↓↓↓

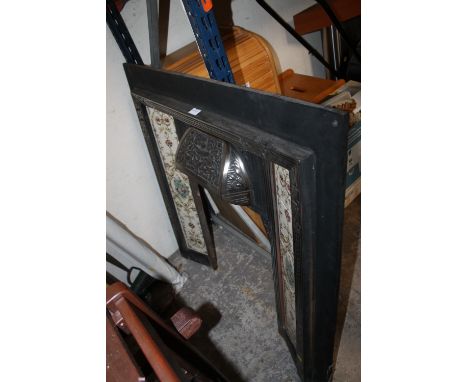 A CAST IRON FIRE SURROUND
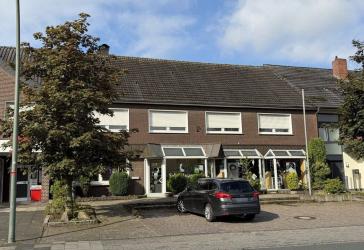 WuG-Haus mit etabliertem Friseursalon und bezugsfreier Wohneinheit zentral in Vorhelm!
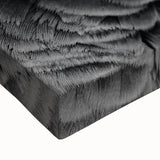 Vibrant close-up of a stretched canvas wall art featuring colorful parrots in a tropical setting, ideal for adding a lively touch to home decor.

↑↑↑
↓↓↓

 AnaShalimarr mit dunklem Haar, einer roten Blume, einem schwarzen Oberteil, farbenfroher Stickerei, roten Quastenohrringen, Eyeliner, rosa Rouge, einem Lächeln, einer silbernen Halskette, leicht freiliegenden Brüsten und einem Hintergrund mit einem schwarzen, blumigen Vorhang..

↑↑↑
↓↓↓

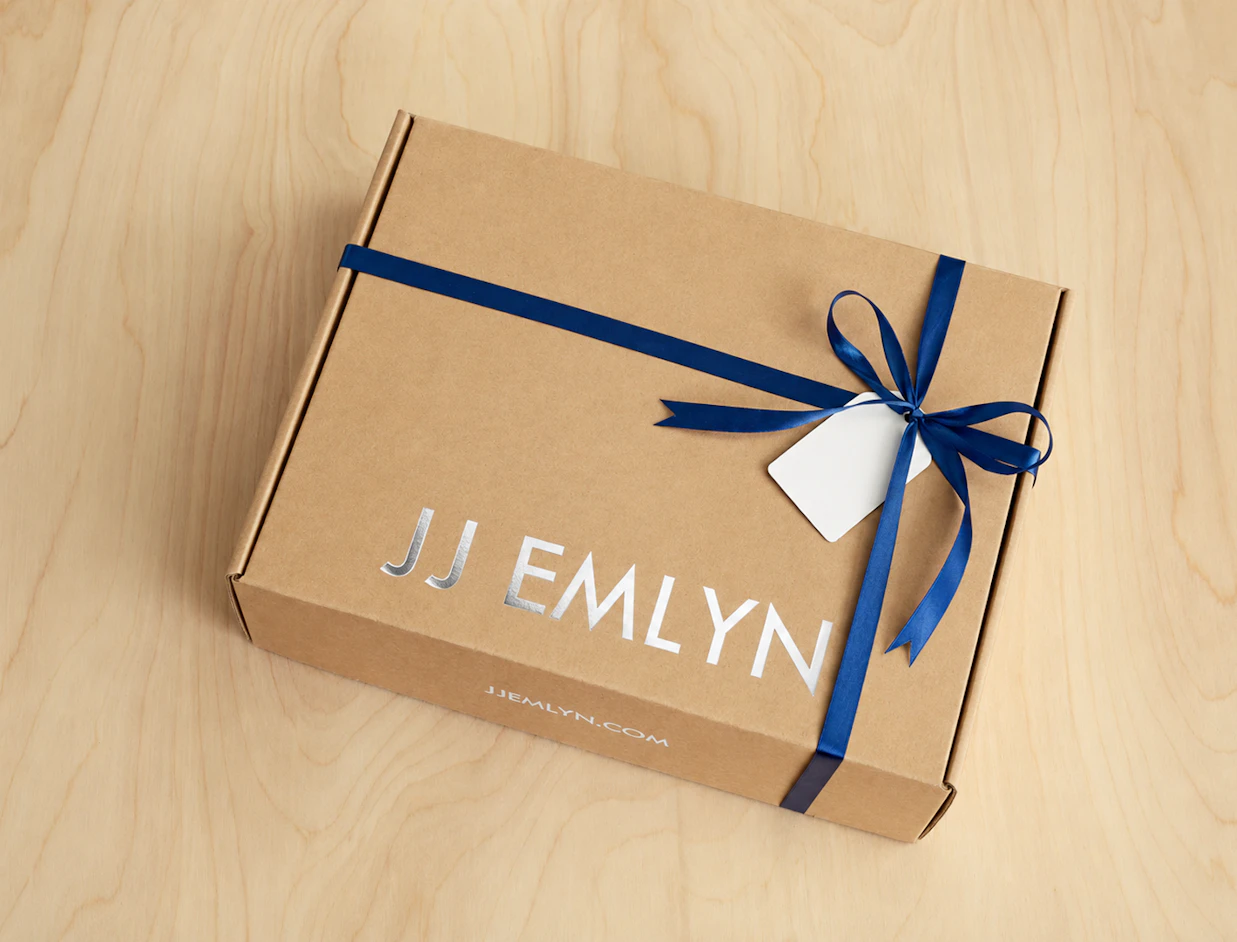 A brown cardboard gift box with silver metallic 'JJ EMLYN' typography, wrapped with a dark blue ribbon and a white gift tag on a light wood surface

↑↑↑

Brief:
Please output, exactly as written, the lines above from the one holding "A CAST IRON FIRE SURROUND" through the one holding "Vibrant close-up of", both included, with the pictures omitted.

Answer space:
 A CAST IRON FIRE SURROUND
 WuG-Haus mit etabliertem Friseursalon und bezugsfreier Wohneinheit zentral in Vorhelm!
 Vibrant close-up of a stretched canvas wall art featuring colorful parrots in a tropical setting, ideal for adding a lively touch to home decor.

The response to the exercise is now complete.